The computer on which you're reading this has significant room-lighting potential, too. You couldn't stand to look at it if it generated enough light to do things like illuminating a printed page from which you wanted to copy something to post on your web site. Nevertheless, it does put out enough light that you could see it if something unexpected happened to be where you always set your bare foot if you happen to go to the door at night.
10. Serious Solar Power
Good old Brother Sun pours down enough energy to meet all of our needs, most of the time, if we were only collecting it.
This web site has been saying for some time that, if the electric power companies want to survive, they need to forget about those exciting (to some) new sources of energy like "fracturing" or "fracking" shale, building nuclear power plants, or drilling for oil in new locations, and start working with what's already here. Every shed and garage is a solar power plant waiting to be built. If Appco, Pepco, Dominion, et al., install those solar energy collectors wherever property owners agree to pay them off in electricity, the companies will not have to worry about becoming irrelevant when people install the collectors at their own expense, and also the three corners of Virginia can eliminate one longstanding source of acrimony as the Point will, at last, be supplying something that everybody in the Hump and Swamp admits they need.
The companies will currently balk and whine, saying that of course they caaan't install solar collectors on sheds, and that the only safe way to install one at your own expense is to have it wired into the grid in such a way that you're still dependent on the company and your solar power can be cut off if you don't pay your monthly bill. Wrong, boys. It may involve pay cuts for high-level company employees, but it's quite feasible to restructure the electrical grid in such a way that the companies will be paying property owners monthly checks. The companies need to be planning for this. They must not be allowed to fantasize about building any more power plants, of any kind, unless and until they have invested in more equitable relationships with home and business owners. They need to be thinking of every property owner as a resource on whom they will depend as they continue to meet the energy needs of the cities.

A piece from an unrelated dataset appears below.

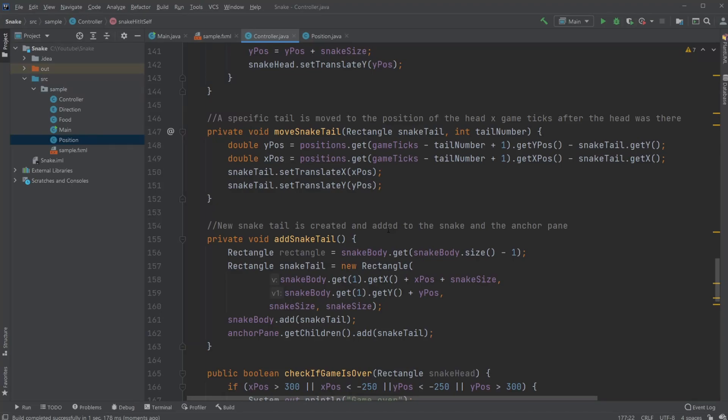It's Offeringstudent here and today I'm going to showcase my finished version of a snake game using JavaFX and Scene Builder.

The possibilities are endless, and delectable. Should parking lots have shelters from the rain, as an incentive to park at the far corner of the lot and walk, to get your exercise in? Of course they should, and why should those shelters not be collecting solar energy? "Clean" public transportation in the cities has been called a boondoggle because it consumes electricity. Could commuter bus stops and train stations generate even part of the energy the buses and trains consume? Electric vehicles aren't feasible if they have to be powered by the existing grid. What if they could be powered by their own garages?
Yes, batteries can corrode and release toxic minerals over years of exposure to wind and rain. Yes, some sort of filtration system needs to be installed along with the batteries. And what about storage of collected energy? Charged batteries can be stored long enough to get households through as many days without sunshine as most of the United States have, but where? Plans for safe storage of batteries--battery sheds?--need to be made, too, before households start trying to become solar farms.
But there's no real reason why frugal people need to be making payments to keep lights turned on. Brother Sun can take care of that. We just have to pay attention to new technological developments, exercise good judgment, and not let the companies jerk us around. We need laws that steer the companies in the right direction--either moving with property owners to harvest energy from sheds and garages, or just dying now and clearing themselves out of our way.